RAW DATA:
• • • •
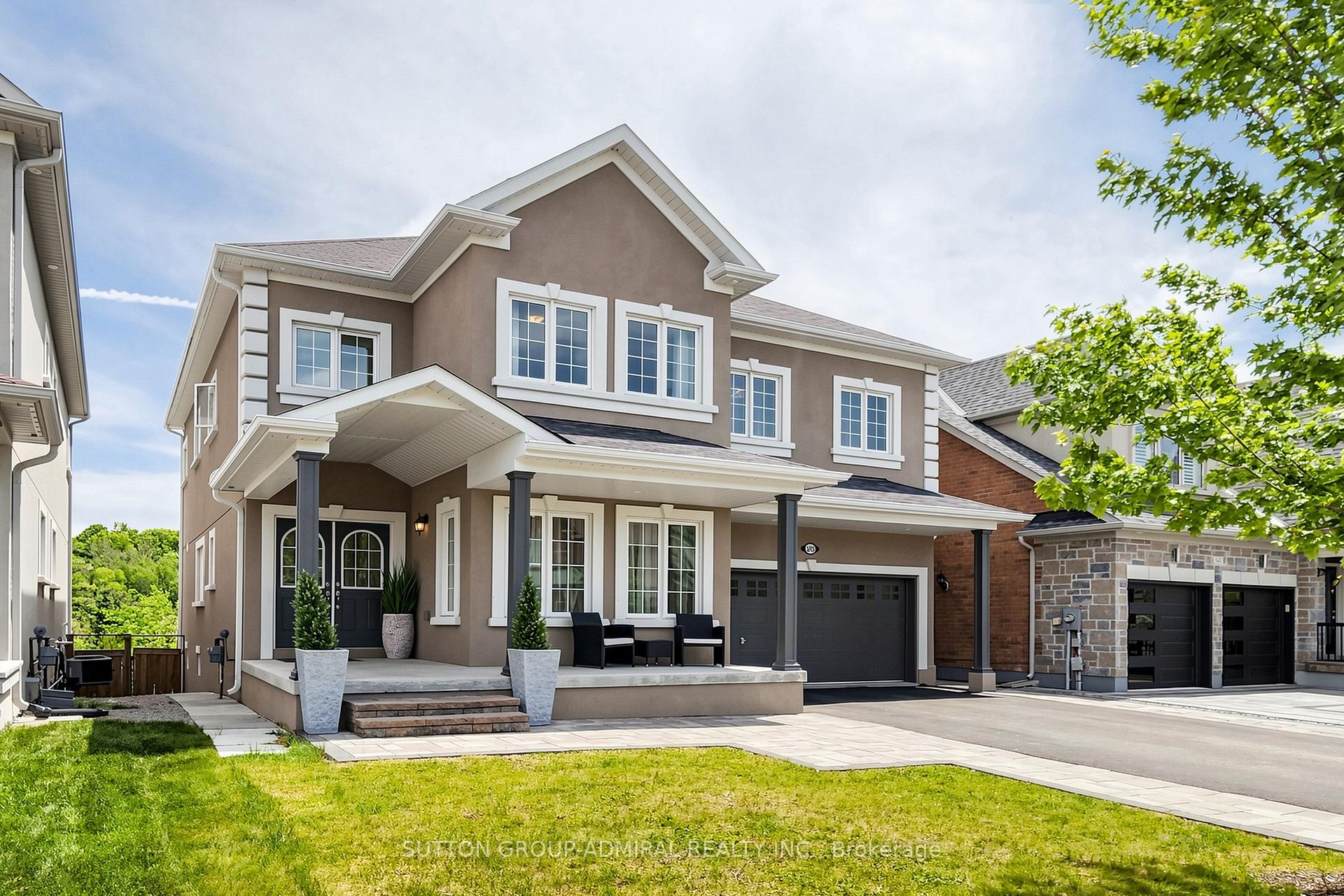 Front of 545 Clifford Perry Place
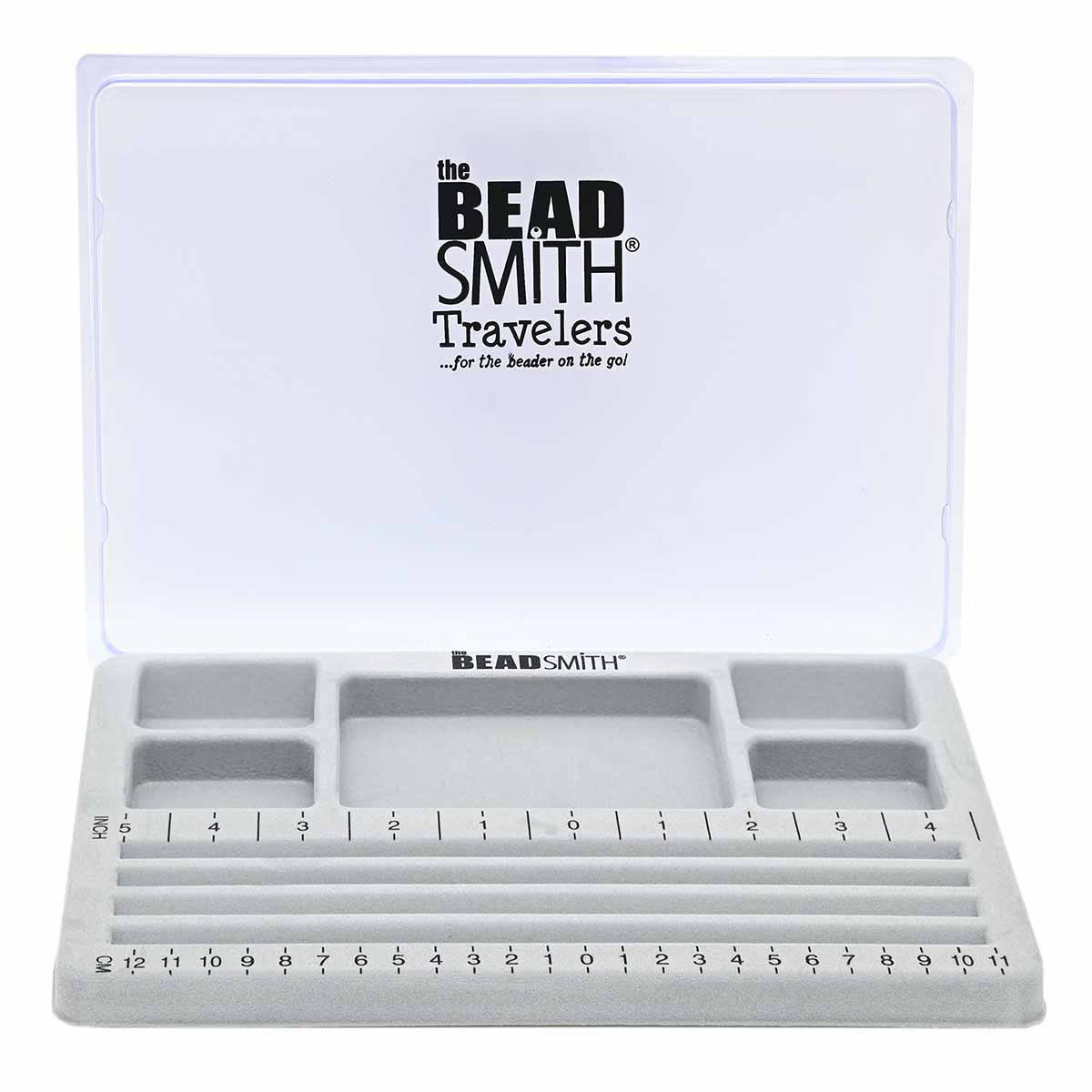 Beadsmith mini bead board with removable lid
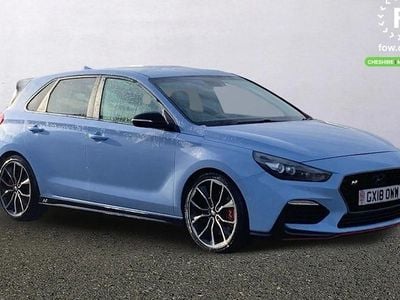 Used 2020 Hyundai i30 Hatchback | £20,299 (Fair price)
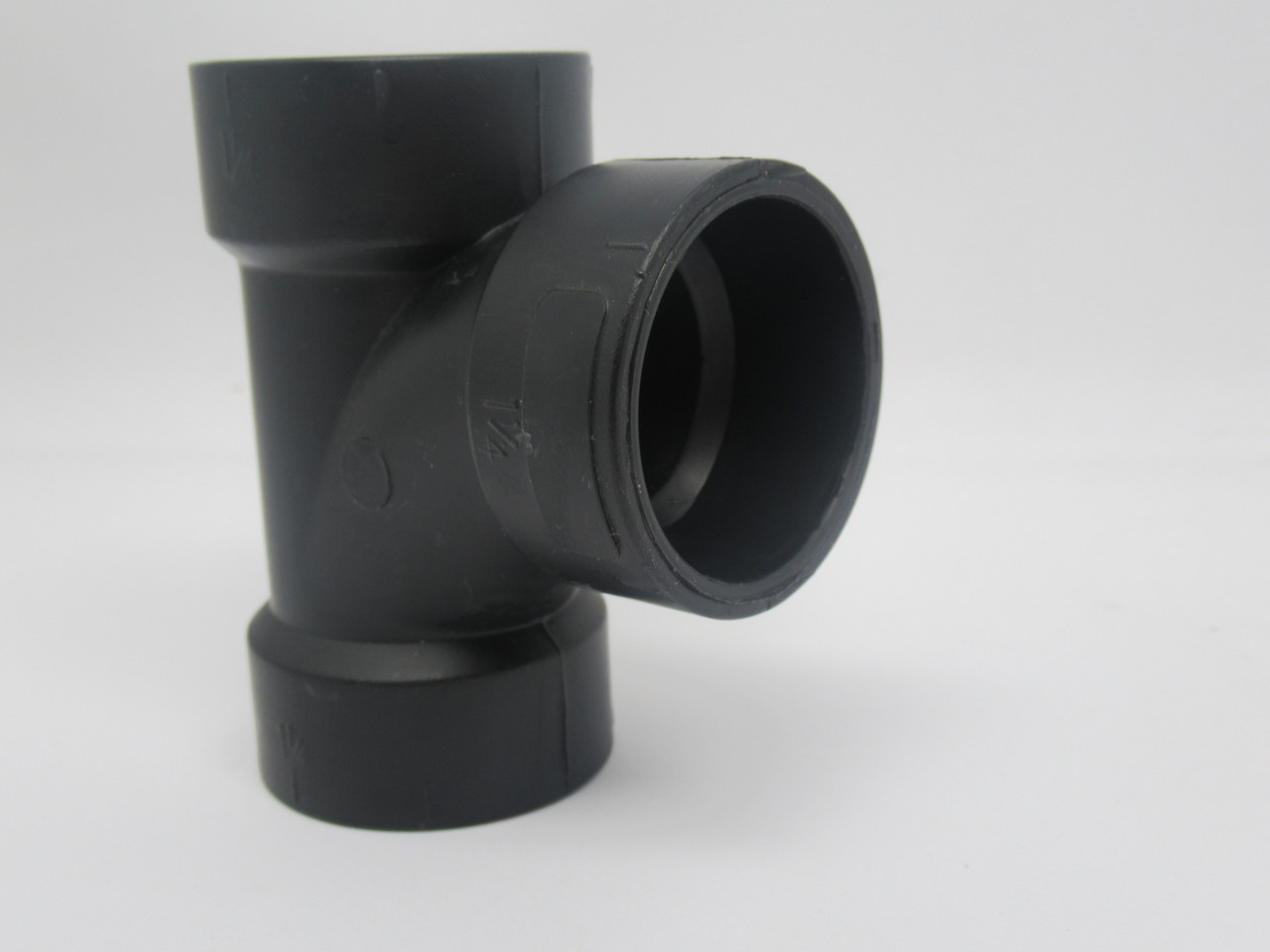 Nibco 5811 Sanitary Pipe 1-1/4" ABS NOP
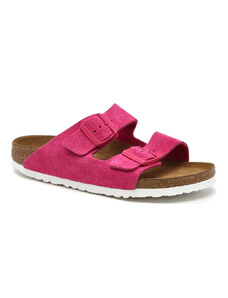 rose birkenstocks eva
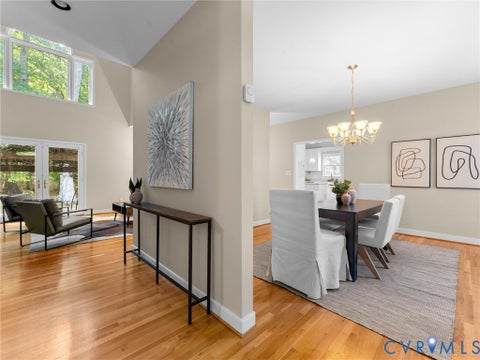 Tiny photo for 3431 Robious Forest Way, Midlothian, VA 23113 (MLS # 2623575)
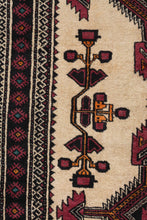 Load image into Gallery viewer, Persian Baluch 230x116cm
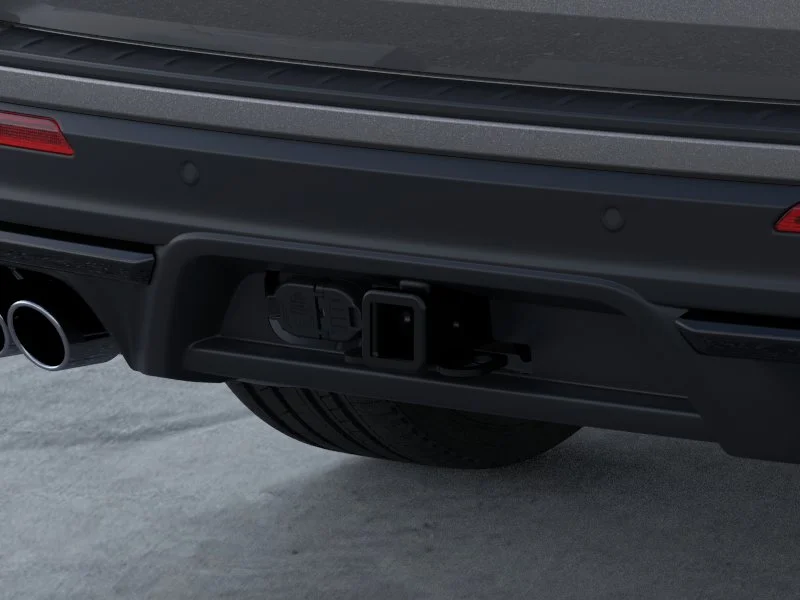 New 2026 Carbonized Gray Metallic Ford ST image 23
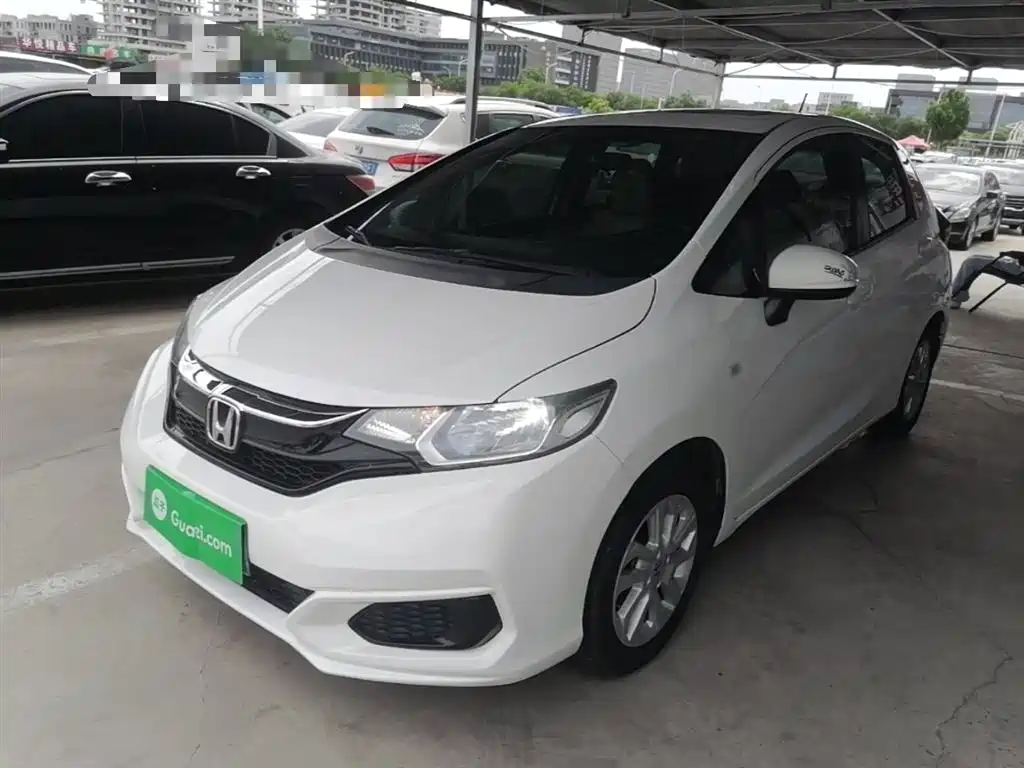 Honda Fit — фото 2
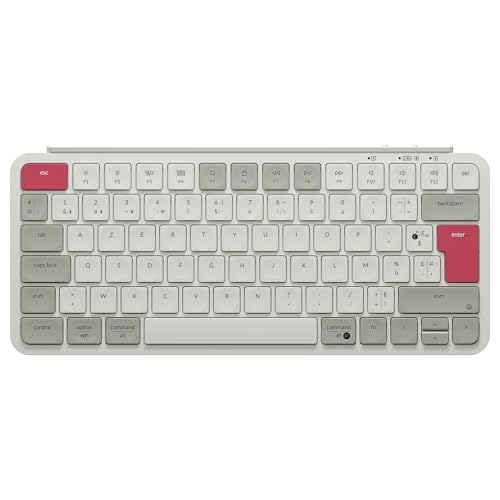 Clavier sans-fil Keychron B1 Pro AZERTY, le confort de frappe pour vos sessions de rédaction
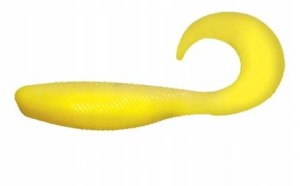 GUMA KONGER SHAD GRUB 3,5` KOLOR 24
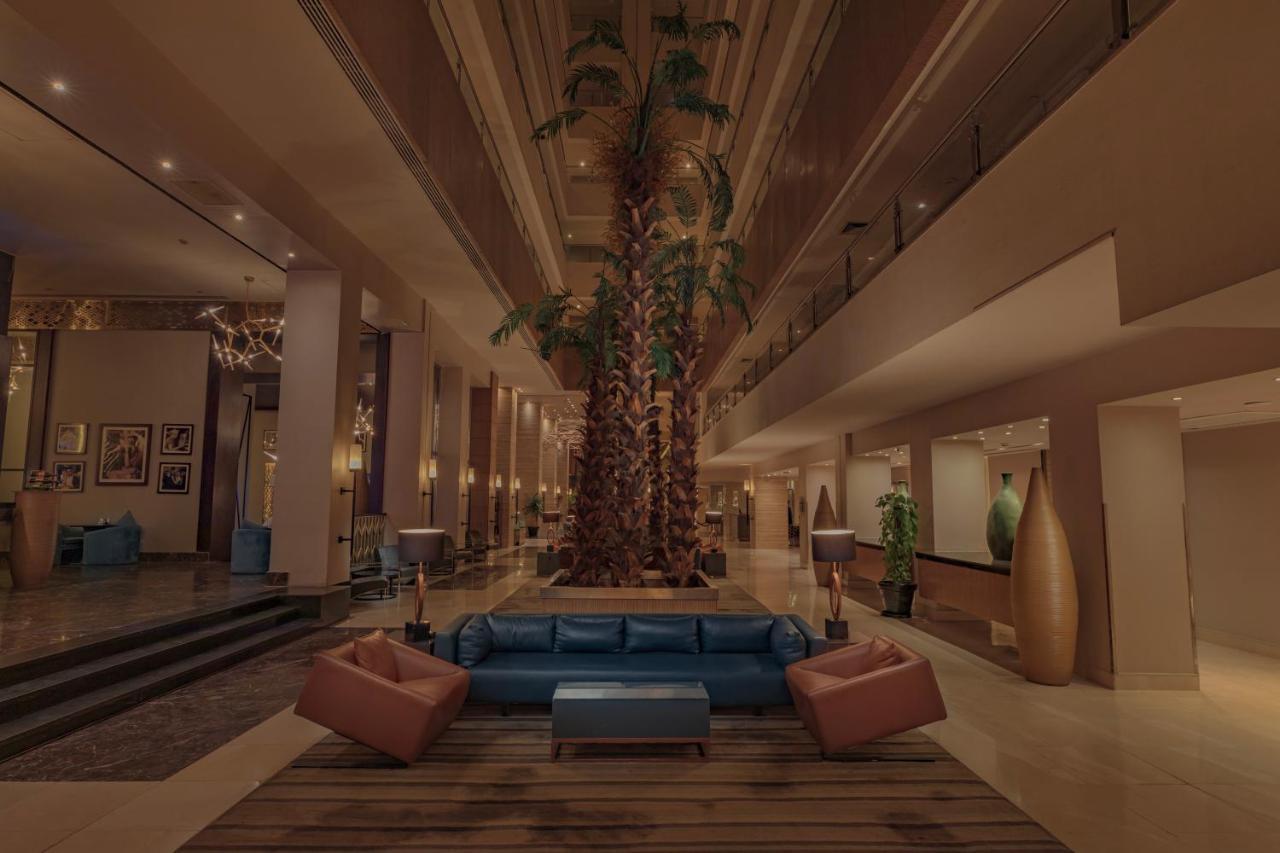 Radisson Blu Hotel, Cairo Heliopolis Esterno foto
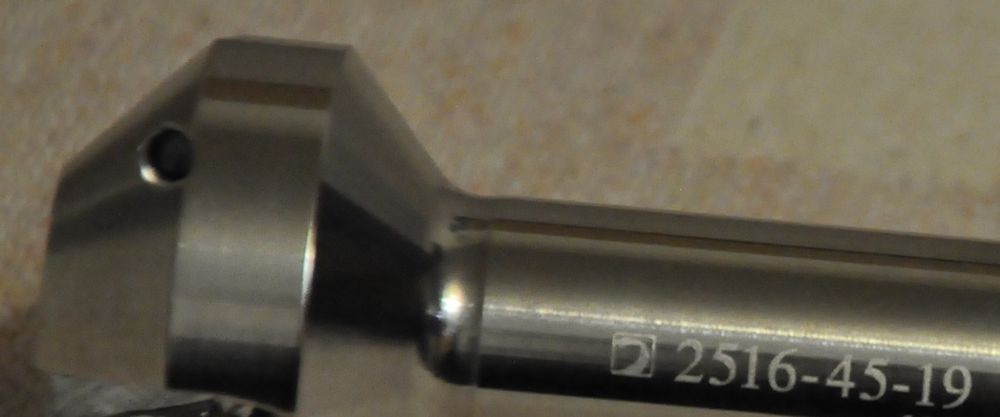 Фреза Pramet для фасок 45°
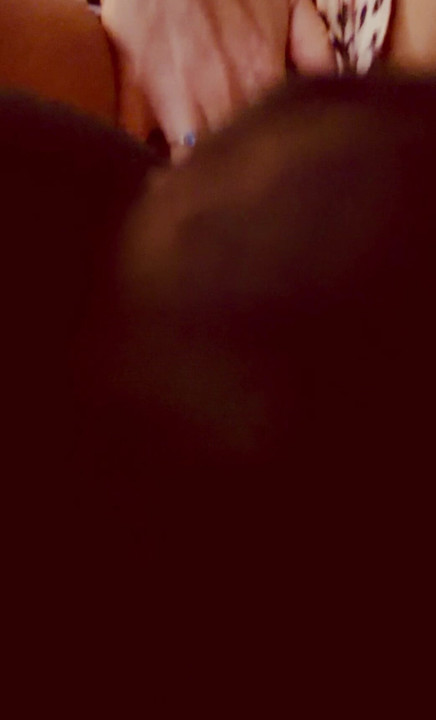 Tight rubbed pussy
• • • •
YOUR OBJECTIVE: Would you restate the listing word for word without its pictures?

REPLY TO THE TASK:
 Front of 545 Clifford Perry Place
 Beadsmith mini bead board with removable lid
 Used 2020 Hyundai i30 Hatchback | £20,299 (Fair price)
 Nibco 5811 Sanitary Pipe 1-1/4" ABS NOP
 rose birkenstocks eva
 Tiny photo for 3431 Robious Forest Way, Midlothian, VA 23113 (MLS # 2623575)
 Load image into Gallery viewer, Persian Baluch 230x116cm
 New 2026 Carbonized Gray Metallic Ford ST image 23
 Honda Fit — фото 2
 Clavier sans-fil Keychron B1 Pro AZERTY, le confort de frappe pour vos sessions de rédaction
 GUMA KONGER SHAD GRUB 3,5` KOLOR 24
 Radisson Blu Hotel, Cairo Heliopolis Esterno foto
 Фреза Pramet для фасок 45°
 Tight rubbed pussy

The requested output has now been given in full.